Updated: 05/04/2019 by Computer Hope
csplit command

On Unix-like operating systems, the csplit command splits a file into sections, based on context lines.

This page covers the GNU/Linux version of ucsplit.


csplit outputs pieces of FILE separated by PATTERN(s) to files 'xx00', 'xx01', ..., and output byte counts of each piece to standard output.


csplit [OPTION]... FILE PATTERN...


Use sprintf FORMAT instead of %02d.
-f, --prefix=PREFIX Use PREFIX instead of 'xx'.
-k, --keep-files Do not remove output files on errors.
-n, --digits=DIGITS Use specified number of digits instead of 2.
-s, --quiet, --silent Do not print counts of output file sizes.
-z, --elide-empty-files Remove empty output files.
--help Display a help message and exit.
--version Output version information and exit.
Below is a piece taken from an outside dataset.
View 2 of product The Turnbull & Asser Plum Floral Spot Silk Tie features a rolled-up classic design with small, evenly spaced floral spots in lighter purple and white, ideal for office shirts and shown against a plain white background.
csplit reads standard input if FILE is specified as a dash ("-"). Each PATTERN may be:

INTEGER Copy up to but not including specified line number.
/REGEXP/[OFFSET] Copy up to but not including a matching line.
%REGEXP%[OFFSET] Skip to, but not including a matching line.
{INTEGER} Repeat the previous pattern specified number of times.
{*} Repeat the previous pattern as many times as possible.

A line OFFSET is a required '+' or '-' followed by a positive integer.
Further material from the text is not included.